- Born: Dallas, Texas, U.S.
- Education: Los Angeles City College
- Occupations: Actress, singer, musician
- Years active: 1969–present

= Linda Hart =

American actress, singer and musician

Linda Hart is an American singer, musician, and actress, mainly appearing in musical theatre.

== Life and career ==
Hart was born in Dallas, Texas, United States. As a child, Hart sang in her church choir; at age seven, she joined her father, the late Rev. Ralph L. Hart, (a preacher) and the rest of the family in The Harts, a weekly gospel television series. Her father and uncle, the Rev. Doyle Hart, visited Detroit in 1954 and cut a 45 of "Ain't No Grave Gonna Hold My Body Down", later released by Ralph Hart and The Texas Musical Harts. Hart attended Los Angeles City College as a theatre major. During college, however, her family received a recording contract with Columbia Records; Hart joined them and moved to Nashville for the job. The group recorded several gospel albums, many nominated for Grammy Awards and one a winner.

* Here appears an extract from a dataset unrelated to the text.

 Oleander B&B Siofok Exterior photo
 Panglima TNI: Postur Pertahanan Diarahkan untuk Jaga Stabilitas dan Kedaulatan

Solo work included appearances with The New Christy Minstrels as their only female leader, a stint on Johnny Cash's ABC television show, where she also served as a talent coordinator for an episode, and opening act performances for country musicians such as Hank Williams, Jr., Mel Tillis, Roy Clark, and The Oak Ridge Boys. She joined Bette Midler's backup troupe, the Staggering Harlettes, and later appeared in the Midler film Stella and the television special of Gypsy: A Musical Fable in 1993, which also starred Midler. She costarred as Minnie Driver's mother in the film Beautiful.

=== Later career ===
Hart's Broadway debut was in the 1987 revival of Cole Porter's Anything Goes; for this role, she won a 1988 Theatre World Award. Originally portraying Erma, she later played the role of Reno Sweeney. Subsequent roles included Sid Caesar & Company and originated the role of Velma Von Tussle in Hairspray.

On television she had a starring role in the short-lived sitcom The Winner in 2006. Prior to this she had appeared in episodes of The Dukes of Hazzard, Night Court, Hill Street Blues, Major Dad, Touched by an Angel, The Practice, Desperate Housewives, and others, starting in the early 1980s. Among her film appearances are A Perfect World, Get Shorty, Tin Cup and Showtime.

She performed in the Seattle run of the musical Catch Me If You Can as Carol at the 5th Avenue Theatre, from July 28, 2009, to August 14, 2009, and returned to the role when the show premiered on Broadway in April 2011.